◆ **Task details**:
Make an exact copy of every entry below, with the pictures left out.

◆ **Records**:
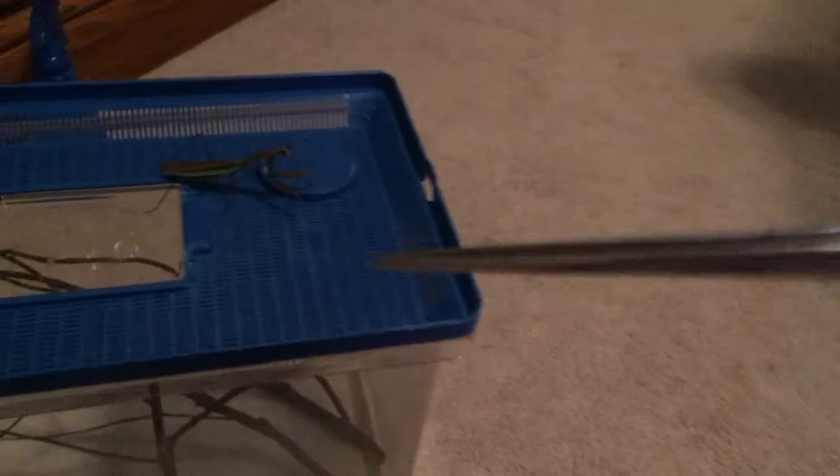Since wild mantises go straight to the top of the lid instead of running around, what you can do to feed them is wait until it calms down, then open the lid and take your tongs and drop a bug right in front of it. It depends on the personality of the praying mantis — some will continue to run away and some will cooperate. That's the thing about a wild praying mantis: you kind of never know what you're going to get. If you raise one, you kind of know how they behave.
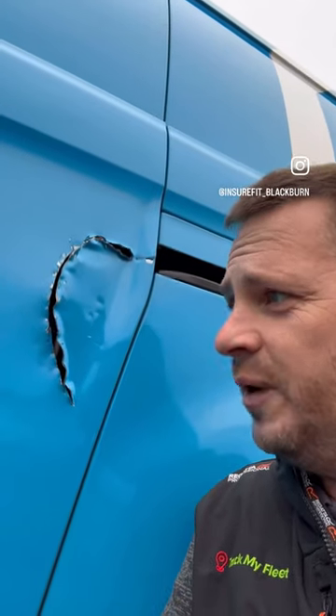Hello, good morning. It's Graham from InsureFit Vehicle Installations based in Blackburn. Transit Custom door plates — an absolutely essential piece of kit at the minute. This Custom has been done last night in a hotel; there's no deadlocks on the vehicle, so what we'll do is get it plated up so he's back on the road and the vehicle's secure.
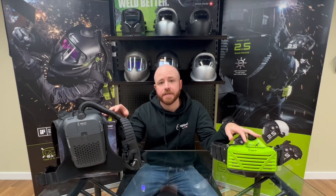Hey everyone, Optrell Jeff back again. Not too long ago we put out a video on both of our PAPR units — our E3000X and our Swiss Air. That video dove into the specifics of each unit and compared the two, so hopefully after watching it you have a better idea of which model might be right for you. Now I'd like to dive into some of the accessories that are available for each of them.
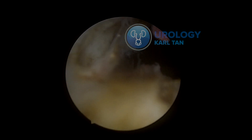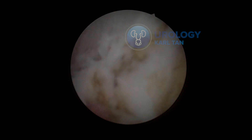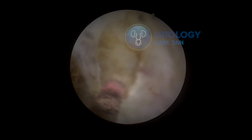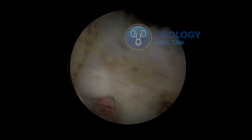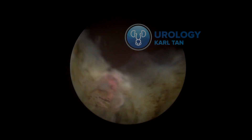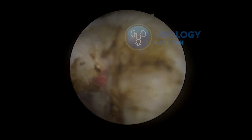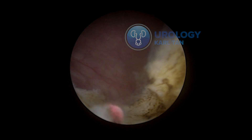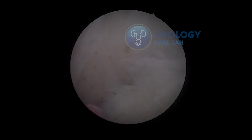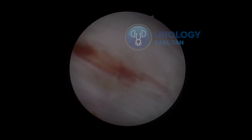Here I'm trying to free the lateral lobes — always going from the bottom to the top, trying to find the proper plane between the prostate gland and the capsule. Now I'm doing the same on the right lateral lobe, trying to release the bladder neck and the prostate, going to the equator, and then using the laser to help cut through the adhesions where it's stuck between the capsule and the gland.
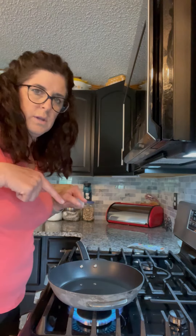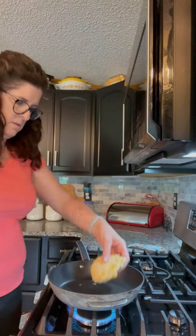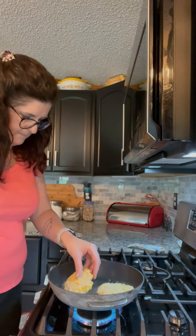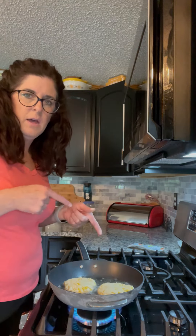Now we need to cook in hot oil. We're gonna fry these up now. I'm gonna let these brown for a couple minutes and then flip them over. It only took about two minutes for these to get brown.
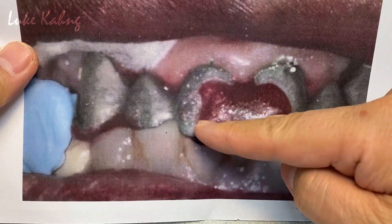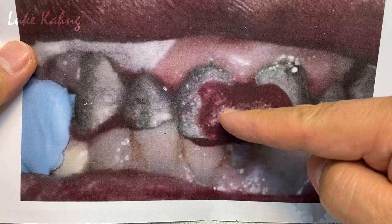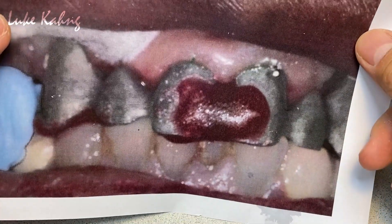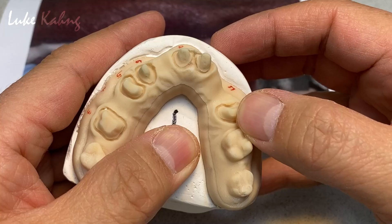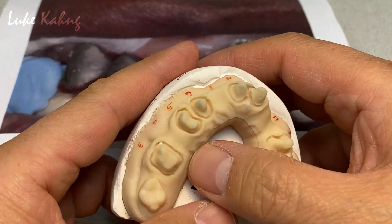This one is kind of a bite record. Whenever they make the resin pattern over the top of the metal framework, they take the bite, so we re-articulate it and double check. Sometimes this framework — being a long-span framework — has a little bit of distortion and rocking, so we have to weld it sometimes.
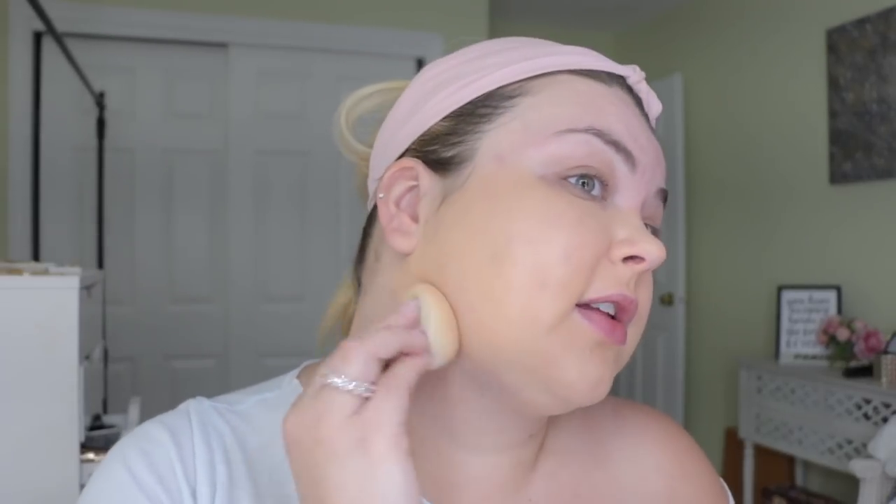The color looks nice, which is comforting. I want to try his method, but I think I'd have to use a more full coverage foundation, like a Double Wear or something. Because this to me is feeling more like a medium coverage than full, but it feels nice on the skin. It feels really light, like water.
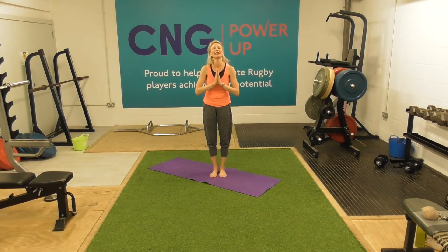Namaste. Thank you for joining us this Sunday morning. I hope you're having a good weekend. We're just going to do a nice gentle flow today to get our bodies moving and stretched out.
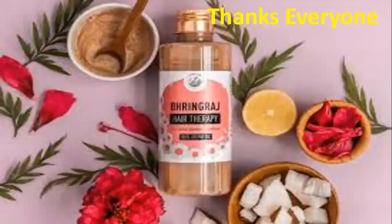These are the market preparations of Bhangraj. Thanks for sharing your time with me. If you find any difficulty understanding the topic, please comment in the comment box and I will try to resolve it.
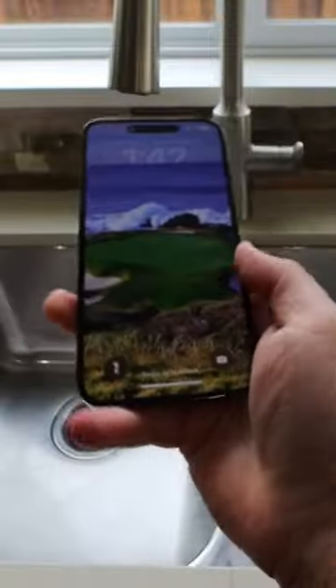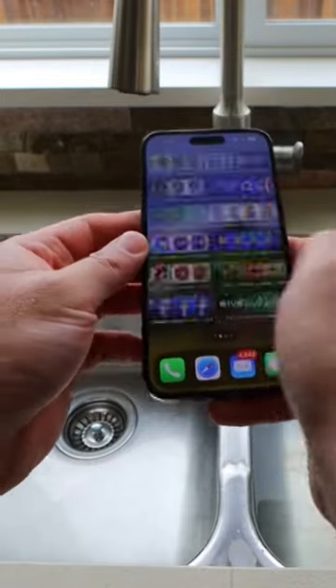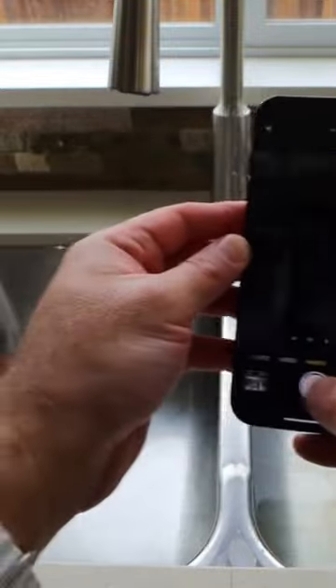And we'll go ahead and dry it off. All right, perfectly fine, dry it off now. And we'll test it out. Looks like everything is working fine. Camera test, camera works fine.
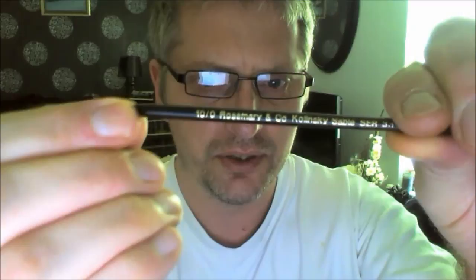The other one I bought is a fine detail brush again but this one is a 10-0, and again it has not lost its tip whatsoever. Just to show you — on there it says Rosemary & Co, Kulinski sable series, I think it's series 33. They also do a triangular shape brush as well, which is really good for gripping.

◆ **Written response**:
Since wild mantises go straight to the top of the lid instead of running around, what you can do to feed them is wait until it calms down, then open the lid and take your tongs and drop a bug right in front of it. It depends on the personality of the praying mantis — some will continue to run away and some will cooperate. That's the thing about a wild praying mantis: you kind of never know what you're going to get. If you raise one, you kind of know how they behave.
Hello, good morning. It's Graham from InsureFit Vehicle Installations based in Blackburn. Transit Custom door plates — an absolutely essential piece of kit at the minute. This Custom has been done last night in a hotel; there's no deadlocks on the vehicle, so what we'll do is get it plated up so he's back on the road and the vehicle's secure.
Hey everyone, Optrell Jeff back again. Not too long ago we put out a video on both of our PAPR units — our E3000X and our Swiss Air. That video dove into the specifics of each unit and compared the two, so hopefully after watching it you have a better idea of which model might be right for you. Now I'd like to dive into some of the accessories that are available for each of them.
Here I'm trying to free the lateral lobes — always going from the bottom to the top, trying to find the proper plane between the prostate gland and the capsule. Now I'm doing the same on the right lateral lobe, trying to release the bladder neck and the prostate, going to the equator, and then using the laser to help cut through the adhesions where it's stuck between the capsule and the gland.
Now we need to cook in hot oil. We're gonna fry these up now. I'm gonna let these brown for a couple minutes and then flip them over. It only took about two minutes for these to get brown.
This one is kind of a bite record. Whenever they make the resin pattern over the top of the metal framework, they take the bite, so we re-articulate it and double check. Sometimes this framework — being a long-span framework — has a little bit of distortion and rocking, so we have to weld it sometimes.
The color looks nice, which is comforting. I want to try his method, but I think I'd have to use a more full coverage foundation, like a Double Wear or something. Because this to me is feeling more like a medium coverage than full, but it feels nice on the skin. It feels really light, like water.
Namaste. Thank you for joining us this Sunday morning. I hope you're having a good weekend. We're just going to do a nice gentle flow today to get our bodies moving and stretched out.
These are the market preparations of Bhangraj. Thanks for sharing your time with me. If you find any difficulty understanding the topic, please comment in the comment box and I will try to resolve it.
And we'll go ahead and dry it off. All right, perfectly fine, dry it off now. And we'll test it out. Looks like everything is working fine. Camera test, camera works fine.
The other one I bought is a fine detail brush again but this one is a 10-0, and again it has not lost its tip whatsoever. Just to show you — on there it says Rosemary & Co, Kulinski sable series, I think it's series 33. They also do a triangular shape brush as well, which is really good for gripping.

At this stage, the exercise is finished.